The most straightforward way of including disorder in our model is to introduce a random frequency shift of the natural frequencies of the cavities. In Fig. 4 we take the on-site disorder $U$ to have a Gaussian distribution with standard deviation $\sigma(U)$. A specific realization of disorder is displayed in panel (g) for the $\sigma(U)/J = 0.1$ case. The disorder used in the cases $\sigma(U)/J=0.4,\,1.2$ is obtained by simply rescaling this distribution. In addition to this “non-magnetic” disorder that is common to all systems, note that microrings-based implementations like the one in [31] can also host another source of disorder, called “magnetic” disorder since it couples the two pseudo-spin states [33, 36]. A study of this latter disorder goes beyond the scope of our work.

Thanks to the topological protection of the edge mode and its ability to circumnavigate impurities and defects, the intensity distribution for a WEG configuration remains spatially localized on the edge up to large values of the disorder strength comparable to the bandgap [panels (d)-(f)]. As one can see by comparing the different curves in panel (h), moderate values of disorder only slightly increase the lasing threshold, while the slope efficiency is almost unaffected. The unidirectional chiral motion of the lasing edge mode guarantees an efficient phase locking of the emission at different points along the edge and the laser operation remains firmly single mode [green lines in panels (a)-(b)].

Only when the disorder gets comparable to the energy band gap, the laser emission breaks into several independently lasing regions and the emission acquires a multi-mode and multi-frequency character, as shown in the intensity distribution in panel (f) and in the spectrum in panel (c). Correspondingly, one can see in panel (h) that the sharp threshold transforms into a smooth, progressive switch-on. As compared to the WSG case, the spatial separation of the different lasing modes makes the temporal fluctuations of the intensity profile less apparent than in Fig. 2 and Supplemental Video 1.

The blue lines in panels (a)-(c) show a statistical analysis of the emission frequency over many realization of laser operation with the same realization of the Gaussian disorder.6 As long as the disorder is moderate and the lasing mode keeps extending around the whole system, the discretization of the modes is preserved [blue lines in panels (a-b)]. For stronger disorder, when many modes are simultaneously and independently lasing, the emission spectrum for a single realization matches the averaged one, so the distinction between the green and the blue curve is no longer visible in panel (c).

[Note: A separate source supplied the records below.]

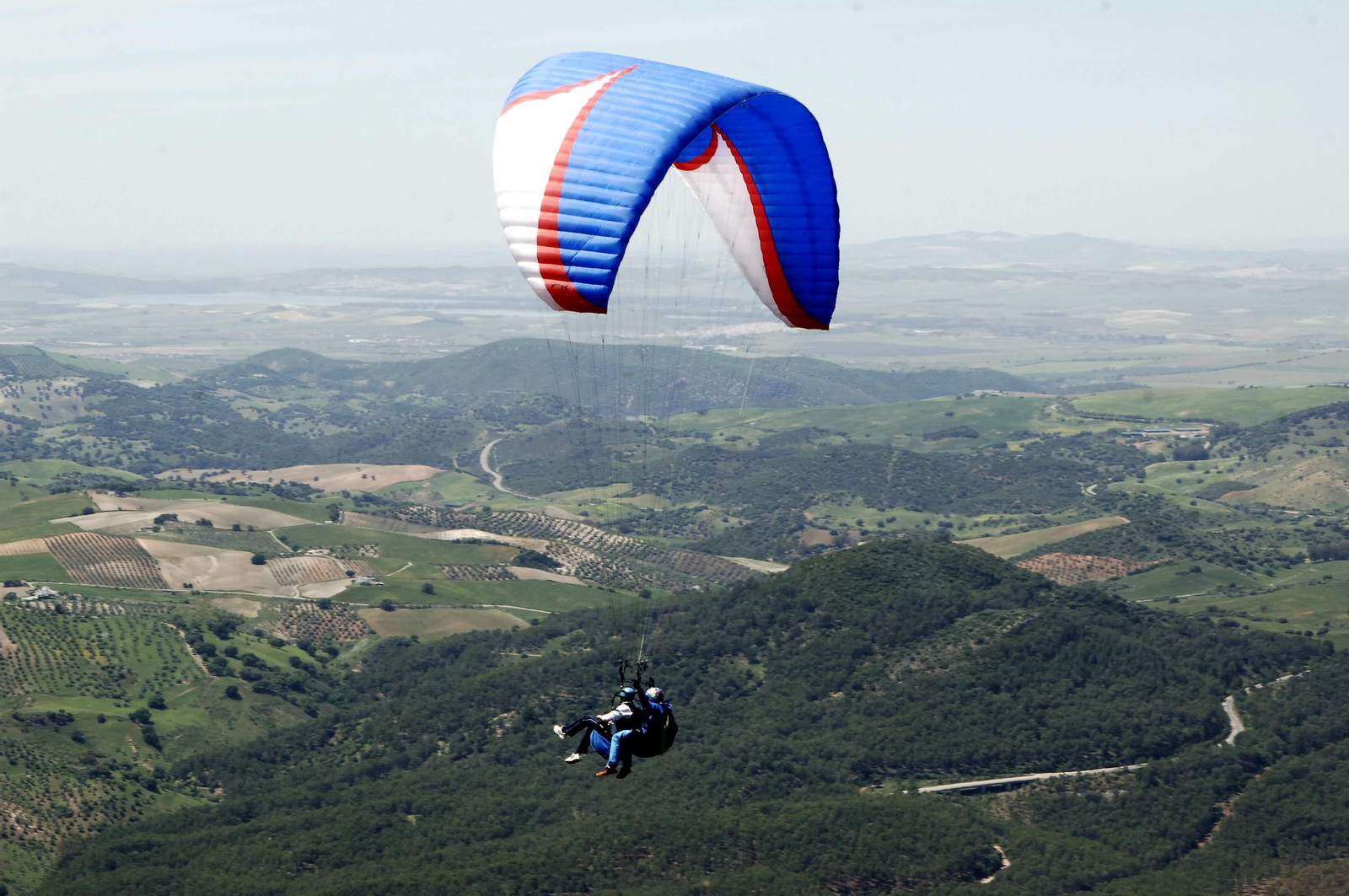 Dos personas practican parapente sobre la sierra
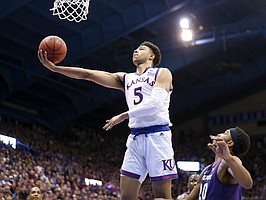 Kansas guard Quentin Grimes (5) swoops in for a bucket past Kansas State forward Xavier Sneed (20) during the second half, Monday, Feb. 25, 2019 at Allen Fieldhouse.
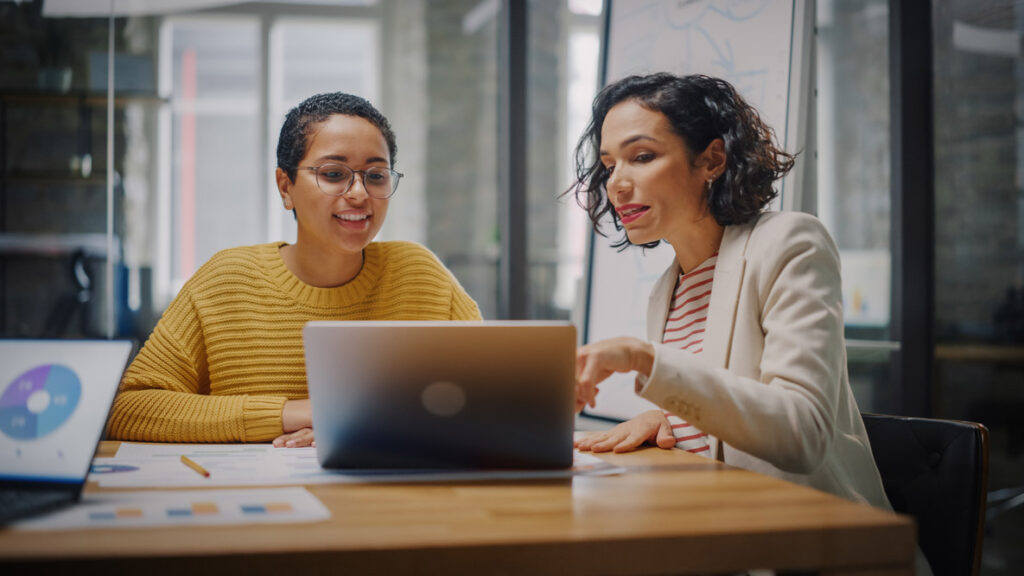 Two Diverse Females sitting behind a laptop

5. Partial edge gain (PEG)

Since the ultra-slow relaxation of long-wavelength fluctuations discussed in the previous Section is likely to compromise the coherence of the emission against quantum noise [45], it is interesting to explore a configuration where gain is restricted to a $1\times N$ finite strip of sites along an edge. A related geometry was experimentally considered in [31].

In this case, a dramatically faster relaxation can be anticipated since any perturbation is rapidly expelled by the chiral motion into the surrounding non-amplified edge region. Furthermore, while in the WEG configuration the round-trip quantization around the system perimeter gives a topologically protected winding number [46] characterizing the lasing mode as in standard ring lasers, in the present PEG configuration the lasing region is an open segment, for which no topologically protected winding number exists; as a result, the spatial profile of the lasing mode is able to continuously relax towards its optimal shape.

5.1. Spatial structure of the lasing mode

This expected behaviour is confirmed in Fig. 5. A steady-state with a stable monochromatic oscillation is indeed quickly reached on a microscopic time-scale. For moderate values of $N$ [panels (c) and (d)], all the emission is efficiently funneled into one of the two modes with opposite chiralities, randomly chosen at each realization. Given their relatively large frequency-separation of order $J$, one can anticipate that in practice one of them will be privileged by the small frequency-dependence of the gain.7

Figure 5

Figure 5. Panel (a): steady-state intensity distribution for a $1\times 15$ PEG in a large $11 \times 51$ lattice. The green rectangle indicates the amplifying sites. Panel (b): lasing threshold for $1\times N$ PEG with different $J/\gamma=20, 10$ (solid lines). Lasing threshold for a one-site-thick WEG case (dashed line). Panels (c)-(e): cuts of the intensity distribution along the $x=1$ line for different PEG geometries (see legends). The shaded area indicates the amplifying sites. The different curves in (c)-(d) refer to the steady-state for different gain strengths $P/P_0 = 4$ (solid blue), $P/P_0 = 2$ (dotted, light blue; to facilitate reading, these curves have been rescaled to have the same maximum as the solid blue ones); the different curves in (e) refer to different times separated by $0.05\gamma^{-1}$.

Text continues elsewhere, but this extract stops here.